Beartooth
Below
Below
Beartooth’s latest monstrous musical spawn was birthed in June of this year. Christened Below and unleashed onto the world via Red Bull Records, it slinks and slithers, screeches and roars, chugs and squeals, punches and grips, serenades and beguiles, all in equal measure.
The riffs are heavy and varied, the choruses soar, circle, and dive, the vocal performances veritably erupt, pristine and angelic or grizzled and shearing in turn to carry the weight of the emotions they convey. The disparate sounds of Beartooth’s forerunners — the dirt and rust of Maylene & the Sons of Disaster, the frenetic twisting undulations of Every Time I Die, and of course the ear-grabbing balance of melodic and dissonant still holding on doggedly from Attack Attack — combine into a heady, rich stew that, if you’re a fan of heavy music, you’ll likely be breaking out for midnight leftovers in the light of the fridge bulb. Or maybe openly consuming it on your front porch — wherever you’ve set up your parents’ hi-fi stereo system leftover from the ‘80s.

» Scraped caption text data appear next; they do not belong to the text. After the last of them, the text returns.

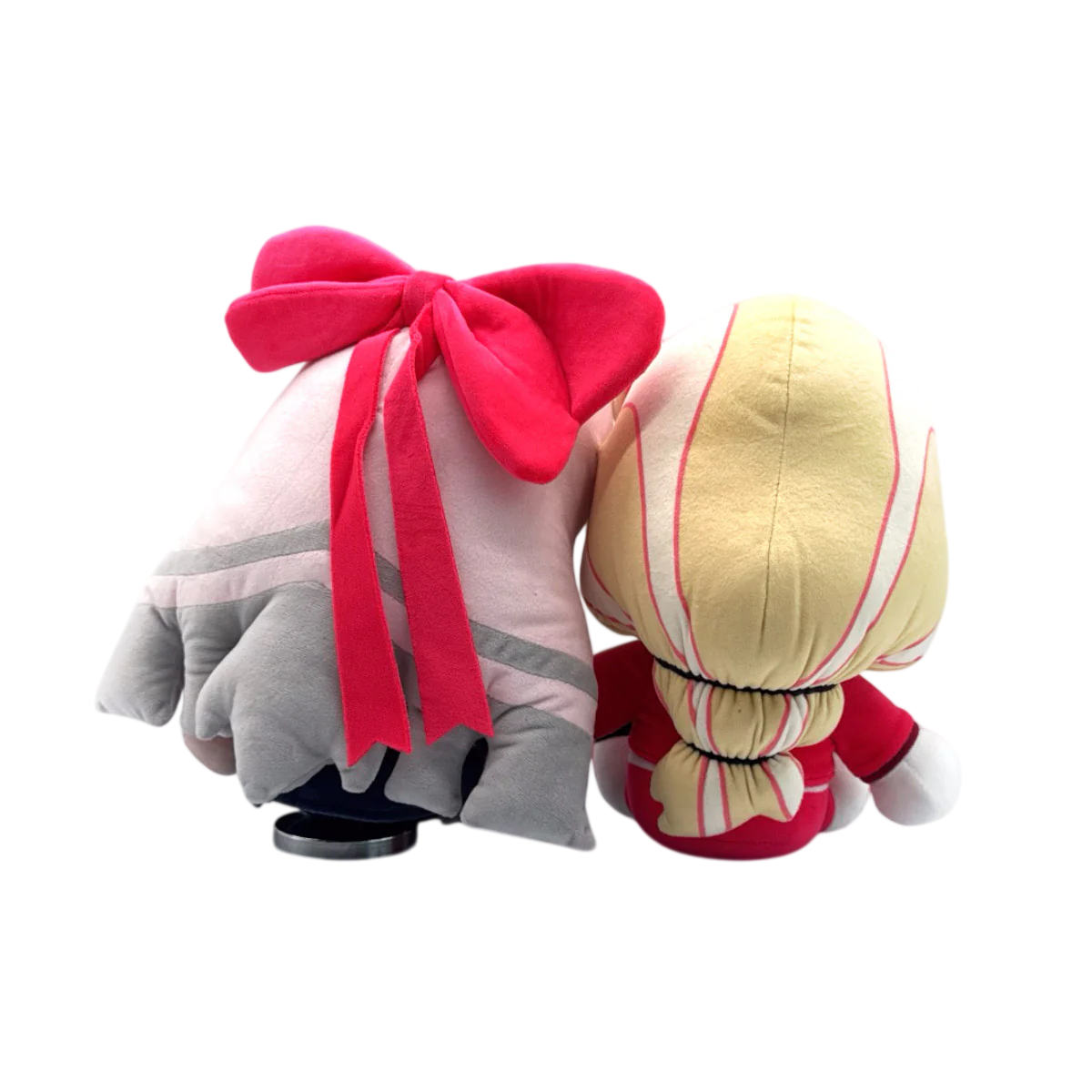 Hazbin Hotel Youtooz Plush Charlie & Vaggie Valentines Day 2026 (9IN)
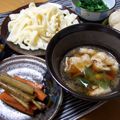 さとこぱんたーに's cooksnap of when they made 簡単!うどんのつけ汁♪.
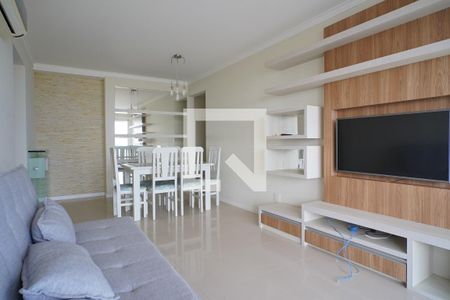 Apartamento para alugar com 120m², 2 quartos e 2 vagasSala 
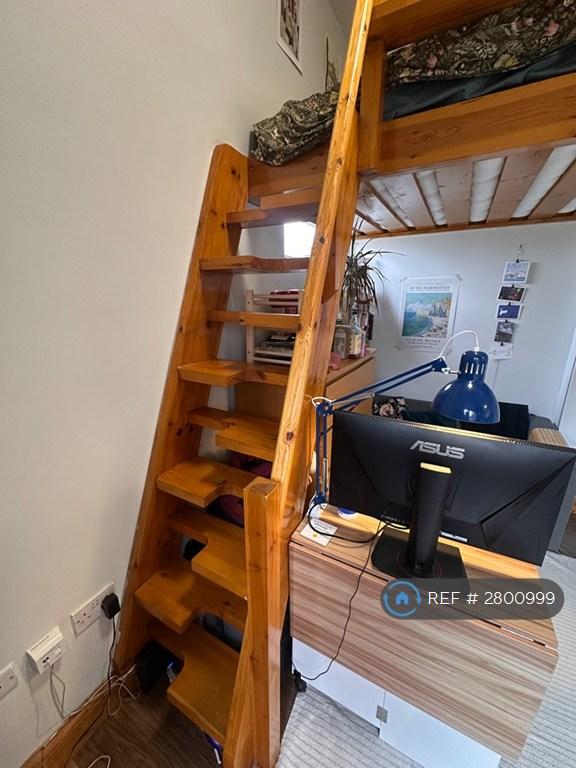 Steps To Double Mezzanine Bed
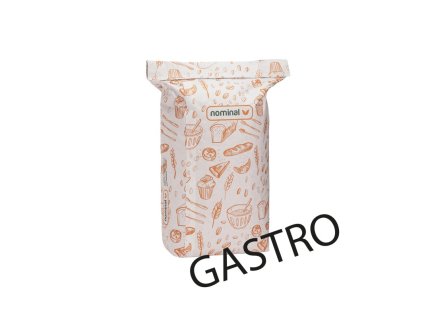 Bezlepková směs lněná vl. GASTRO 5kg Nominal 2901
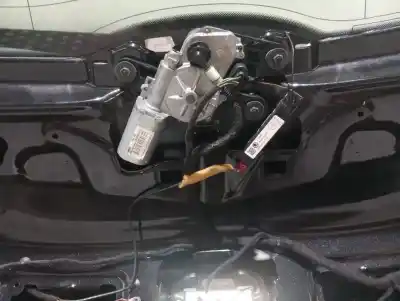 Second-hand car spare part tailgate for seat toledo (kg3) connect oem iam references   n5.z1.5.12.b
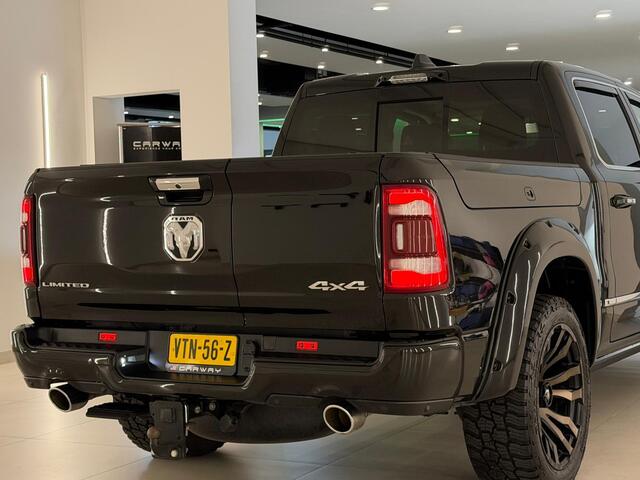Dodge RAM PICKUP 5.7 V8 LIMITED 10TH ANNIVERSARY EDITION Widebody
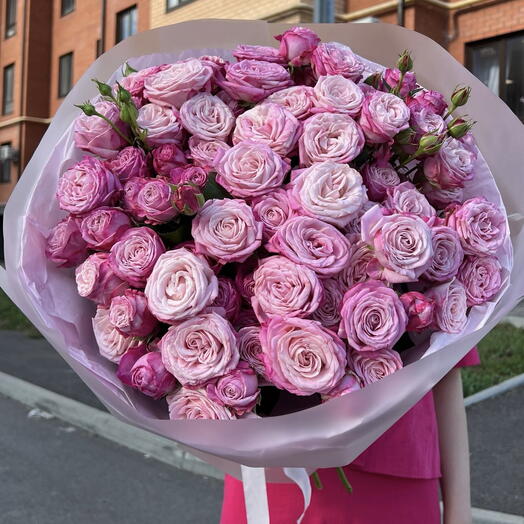 Spray roses 💖🌹🧸 Lady bombastik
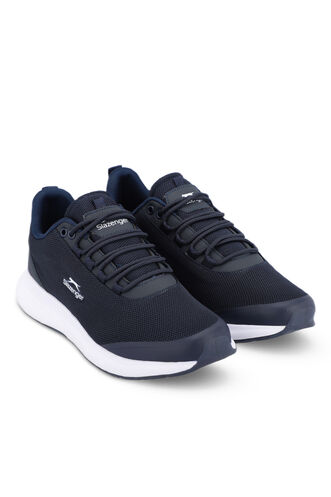 Slazenger ZITA Erkek Spor Ayakkabıları Lacivert - Thumbnail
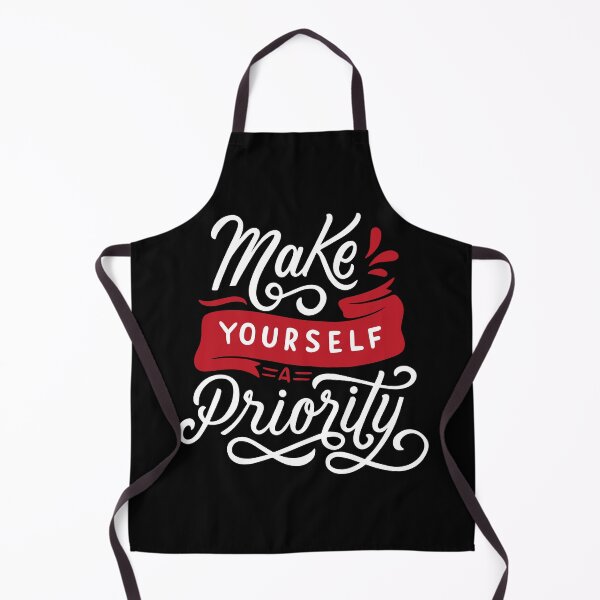 Item preview, Make Yourself a Priority - Self-Care Motivational Quote designed and sold by MHassan92.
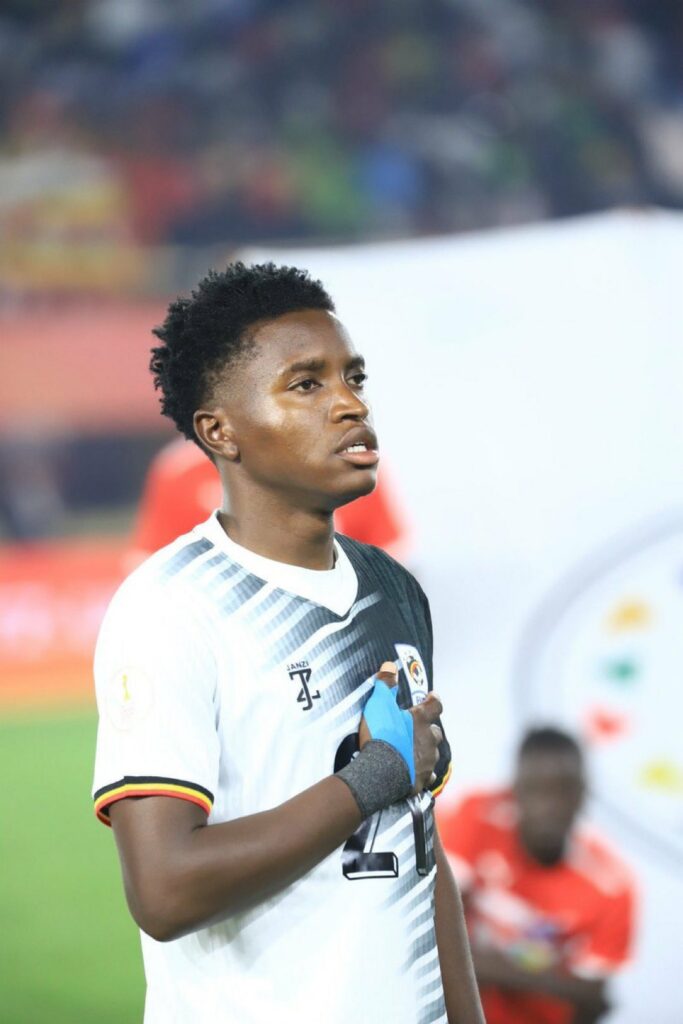 Uganda Cranes Win 3-0 Against Guinea in CHAN 2024 Encounter at Namboole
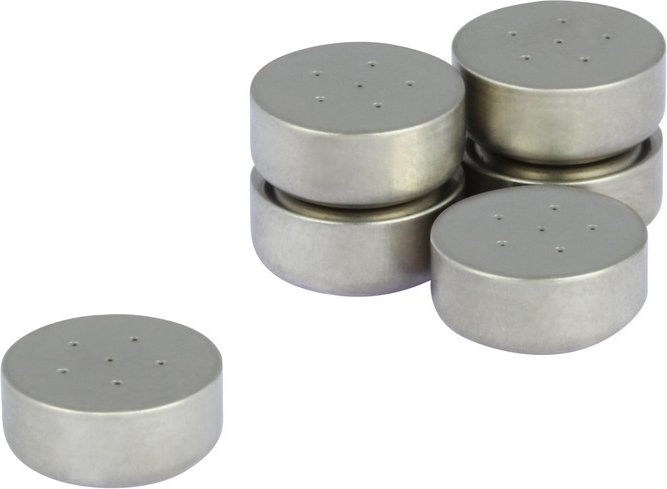 GP Zink-Luft Hörgerätebatterie ZA675, 1,4V, 6 Stück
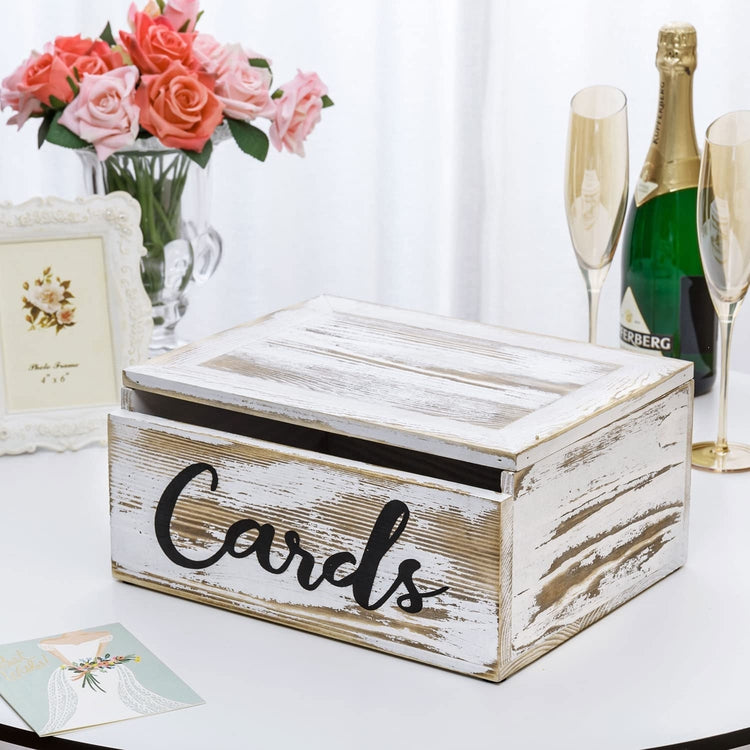 Wedding card box – EventCardsDesign
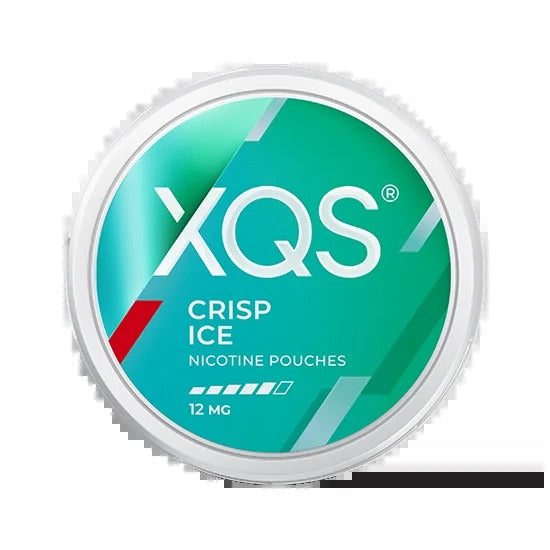 XQS Fros Crisp Ice - 12mg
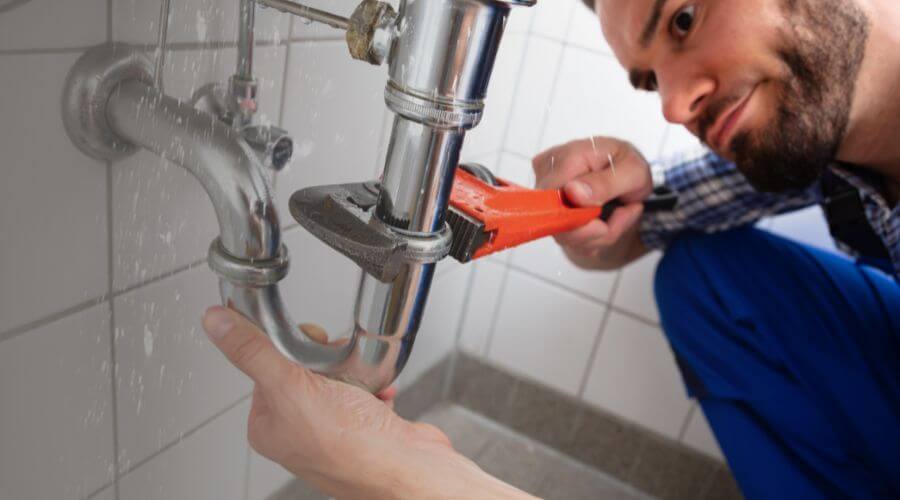 Professional same day plumber services in Kechi, KS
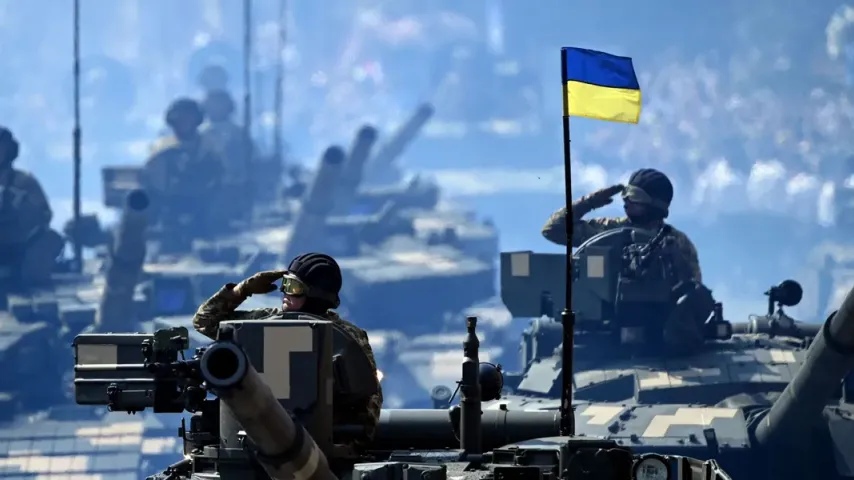 Russland hat seit Kriegsbeginn über 1 Million Soldaten verloren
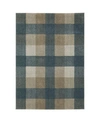 Jhb Design Godfrey God509 9'10" X 12'10" Area Rug In Blue
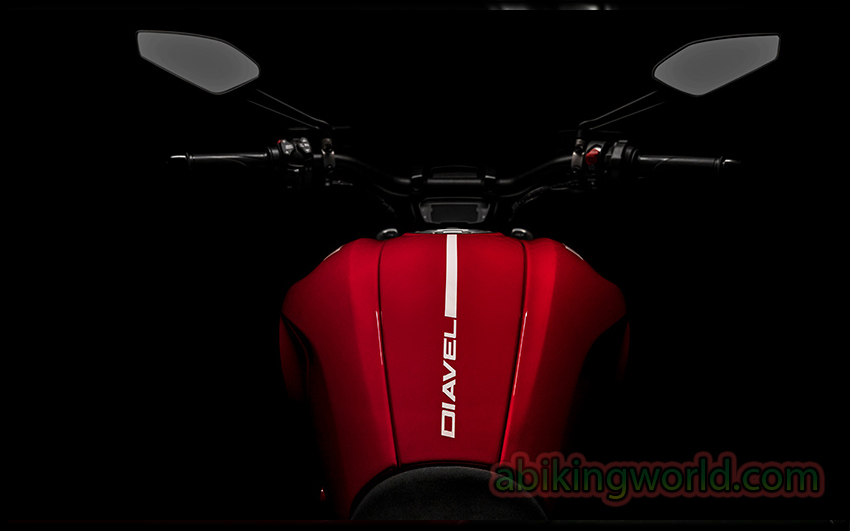 DUCATI DIAVEL1260 S 2020 SPECS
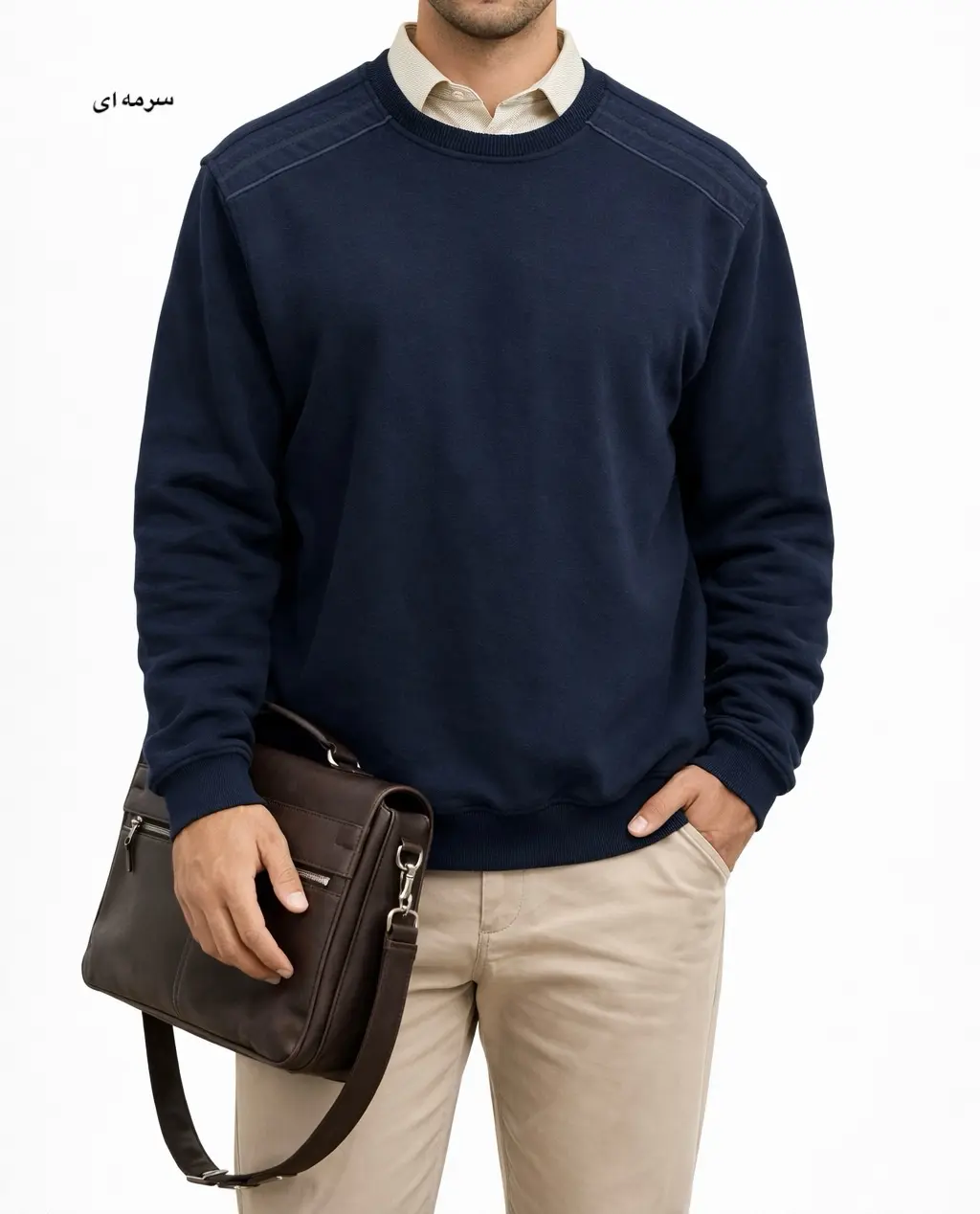 پلیور دورس مردانه افشین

If the album does lose its way, it’s not until close to the end, when the riffs and rhythms seem to stretch a bit thin and retread some of the ground already won by earlier songs. And while it may seem like splitting hairs (or eardrums), the mastering engineer hit the limiter a little too hard and fried the cymbals. But hey, this is aggressive music, and a little more distortion isn’t going to bother the majority of folks who come to Beartooth to get their hats blown off by way of sonic assault.
And trust us — they will indeed be blown off.